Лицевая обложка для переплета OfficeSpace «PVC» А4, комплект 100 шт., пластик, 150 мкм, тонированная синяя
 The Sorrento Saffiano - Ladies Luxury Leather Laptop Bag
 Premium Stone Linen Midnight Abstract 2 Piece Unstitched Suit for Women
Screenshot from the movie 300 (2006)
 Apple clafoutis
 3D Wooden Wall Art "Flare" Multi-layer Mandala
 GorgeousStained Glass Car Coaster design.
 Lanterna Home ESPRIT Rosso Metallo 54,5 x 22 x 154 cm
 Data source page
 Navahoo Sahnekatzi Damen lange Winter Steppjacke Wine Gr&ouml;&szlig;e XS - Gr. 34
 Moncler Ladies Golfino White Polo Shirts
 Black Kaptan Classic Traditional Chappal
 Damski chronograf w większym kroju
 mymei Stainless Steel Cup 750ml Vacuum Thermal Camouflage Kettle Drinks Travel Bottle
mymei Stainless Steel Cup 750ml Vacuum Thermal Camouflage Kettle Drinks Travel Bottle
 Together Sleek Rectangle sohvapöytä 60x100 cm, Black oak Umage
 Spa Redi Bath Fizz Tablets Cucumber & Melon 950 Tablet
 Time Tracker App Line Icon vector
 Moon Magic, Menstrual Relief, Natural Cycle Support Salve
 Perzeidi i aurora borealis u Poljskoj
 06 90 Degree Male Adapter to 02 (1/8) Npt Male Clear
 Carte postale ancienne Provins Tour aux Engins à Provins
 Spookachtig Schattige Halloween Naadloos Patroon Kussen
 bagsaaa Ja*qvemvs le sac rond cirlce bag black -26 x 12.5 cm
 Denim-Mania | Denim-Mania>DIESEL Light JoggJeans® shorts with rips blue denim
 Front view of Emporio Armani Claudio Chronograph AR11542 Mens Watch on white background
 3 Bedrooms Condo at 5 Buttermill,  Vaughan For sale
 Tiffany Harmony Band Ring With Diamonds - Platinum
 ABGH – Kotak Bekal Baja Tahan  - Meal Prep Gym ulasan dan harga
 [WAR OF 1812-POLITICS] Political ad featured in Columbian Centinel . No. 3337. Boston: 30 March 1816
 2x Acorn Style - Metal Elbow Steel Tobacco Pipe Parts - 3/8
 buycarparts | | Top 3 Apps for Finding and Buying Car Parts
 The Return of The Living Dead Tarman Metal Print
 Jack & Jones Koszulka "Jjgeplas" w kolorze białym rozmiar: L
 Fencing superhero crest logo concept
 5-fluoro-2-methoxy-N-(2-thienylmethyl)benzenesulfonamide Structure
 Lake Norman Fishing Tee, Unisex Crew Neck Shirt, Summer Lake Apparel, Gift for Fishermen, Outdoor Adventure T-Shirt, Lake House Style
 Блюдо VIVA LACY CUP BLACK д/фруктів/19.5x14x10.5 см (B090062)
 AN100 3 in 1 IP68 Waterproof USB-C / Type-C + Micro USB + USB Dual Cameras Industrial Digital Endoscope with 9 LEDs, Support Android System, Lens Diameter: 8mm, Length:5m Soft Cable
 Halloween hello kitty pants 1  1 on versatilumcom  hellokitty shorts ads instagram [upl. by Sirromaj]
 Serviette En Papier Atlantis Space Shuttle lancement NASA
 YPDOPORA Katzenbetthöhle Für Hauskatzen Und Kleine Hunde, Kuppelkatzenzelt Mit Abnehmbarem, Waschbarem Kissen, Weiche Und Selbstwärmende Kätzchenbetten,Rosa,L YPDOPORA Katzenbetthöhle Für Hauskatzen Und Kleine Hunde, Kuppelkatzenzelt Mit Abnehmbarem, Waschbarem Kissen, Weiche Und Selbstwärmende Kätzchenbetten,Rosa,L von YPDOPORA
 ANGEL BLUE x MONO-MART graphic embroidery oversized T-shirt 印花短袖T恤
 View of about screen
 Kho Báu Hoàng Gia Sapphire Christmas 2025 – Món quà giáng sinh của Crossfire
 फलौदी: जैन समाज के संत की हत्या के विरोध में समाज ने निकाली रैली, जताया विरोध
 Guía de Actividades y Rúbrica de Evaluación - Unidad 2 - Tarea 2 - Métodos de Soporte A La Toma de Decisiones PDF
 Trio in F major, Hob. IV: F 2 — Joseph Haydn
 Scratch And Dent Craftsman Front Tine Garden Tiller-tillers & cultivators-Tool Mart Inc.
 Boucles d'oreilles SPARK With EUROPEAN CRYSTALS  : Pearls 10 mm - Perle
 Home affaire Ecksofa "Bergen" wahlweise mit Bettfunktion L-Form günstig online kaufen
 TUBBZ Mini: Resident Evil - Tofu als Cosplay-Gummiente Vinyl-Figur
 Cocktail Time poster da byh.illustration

#### [Task statement]
The records above are to be transcribed exactly and completely.

#### [Task result]
Лицевая обложка для переплета OfficeSpace «PVC» А4, комплект 100 шт., пластик, 150 мкм, тонированная синяя
 The Sorrento Saffiano - Ladies Luxury Leather Laptop Bag
 Premium Stone Linen Midnight Abstract 2 Piece Unstitched Suit for Women
Screenshot from the movie 300 (2006)
 Apple clafoutis
 3D Wooden Wall Art "Flare" Multi-layer Mandala
 GorgeousStained Glass Car Coaster design.
 Lanterna Home ESPRIT Rosso Metallo 54,5 x 22 x 154 cm
 Data source page
 Navahoo Sahnekatzi Damen lange Winter Steppjacke Wine Gr&ouml;&szlig;e XS - Gr. 34
 Moncler Ladies Golfino White Polo Shirts
 Black Kaptan Classic Traditional Chappal
 Damski chronograf w większym kroju
 mymei Stainless Steel Cup 750ml Vacuum Thermal Camouflage Kettle Drinks Travel Bottle
mymei Stainless Steel Cup 750ml Vacuum Thermal Camouflage Kettle Drinks Travel Bottle
 Together Sleek Rectangle sohvapöytä 60x100 cm, Black oak Umage
 Spa Redi Bath Fizz Tablets Cucumber & Melon 950 Tablet
 Time Tracker App Line Icon vector
 Moon Magic, Menstrual Relief, Natural Cycle Support Salve
 Perzeidi i aurora borealis u Poljskoj
 06 90 Degree Male Adapter to 02 (1/8) Npt Male Clear
 Carte postale ancienne Provins Tour aux Engins à Provins
 Spookachtig Schattige Halloween Naadloos Patroon Kussen
 bagsaaa Ja*qvemvs le sac rond cirlce bag black -26 x 12.5 cm
 Denim-Mania | Denim-Mania>DIESEL Light JoggJeans® shorts with rips blue denim
 Front view of Emporio Armani Claudio Chronograph AR11542 Mens Watch on white background
 3 Bedrooms Condo at 5 Buttermill,  Vaughan For sale
 Tiffany Harmony Band Ring With Diamonds - Platinum
 ABGH – Kotak Bekal Baja Tahan  - Meal Prep Gym ulasan dan harga
 [WAR OF 1812-POLITICS] Political ad featured in Columbian Centinel . No. 3337. Boston: 30 March 1816
 2x Acorn Style - Metal Elbow Steel Tobacco Pipe Parts - 3/8
 buycarparts | | Top 3 Apps for Finding and Buying Car Parts
 The Return of The Living Dead Tarman Metal Print
 Jack & Jones Koszulka "Jjgeplas" w kolorze białym rozmiar: L
 Fencing superhero crest logo concept
 5-fluoro-2-methoxy-N-(2-thienylmethyl)benzenesulfonamide Structure
 Lake Norman Fishing Tee, Unisex Crew Neck Shirt, Summer Lake Apparel, Gift for Fishermen, Outdoor Adventure T-Shirt, Lake House Style
 Блюдо VIVA LACY CUP BLACK д/фруктів/19.5x14x10.5 см (B090062)
 AN100 3 in 1 IP68 Waterproof USB-C / Type-C + Micro USB + USB Dual Cameras Industrial Digital Endoscope with 9 LEDs, Support Android System, Lens Diameter: 8mm, Length:5m Soft Cable
 Halloween hello kitty pants 1  1 on versatilumcom  hellokitty shorts ads instagram [upl. by Sirromaj]
 Serviette En Papier Atlantis Space Shuttle lancement NASA
 YPDOPORA Katzenbetthöhle Für Hauskatzen Und Kleine Hunde, Kuppelkatzenzelt Mit Abnehmbarem, Waschbarem Kissen, Weiche Und Selbstwärmende Kätzchenbetten,Rosa,L YPDOPORA Katzenbetthöhle Für Hauskatzen Und Kleine Hunde, Kuppelkatzenzelt Mit Abnehmbarem, Waschbarem Kissen, Weiche Und Selbstwärmende Kätzchenbetten,Rosa,L von YPDOPORA
 ANGEL BLUE x MONO-MART graphic embroidery oversized T-shirt 印花短袖T恤
 View of about screen
 Kho Báu Hoàng Gia Sapphire Christmas 2025 – Món quà giáng sinh của Crossfire
 फलौदी: जैन समाज के संत की हत्या के विरोध में समाज ने निकाली रैली, जताया विरोध
 Guía de Actividades y Rúbrica de Evaluación - Unidad 2 - Tarea 2 - Métodos de Soporte A La Toma de Decisiones PDF
 Trio in F major, Hob. IV: F 2 — Joseph Haydn
 Scratch And Dent Craftsman Front Tine Garden Tiller-tillers & cultivators-Tool Mart Inc.
 Boucles d'oreilles SPARK With EUROPEAN CRYSTALS  : Pearls 10 mm - Perle
 Home affaire Ecksofa "Bergen" wahlweise mit Bettfunktion L-Form günstig online kaufen
 TUBBZ Mini: Resident Evil - Tofu als Cosplay-Gummiente Vinyl-Figur
 Cocktail Time poster da byh.illustration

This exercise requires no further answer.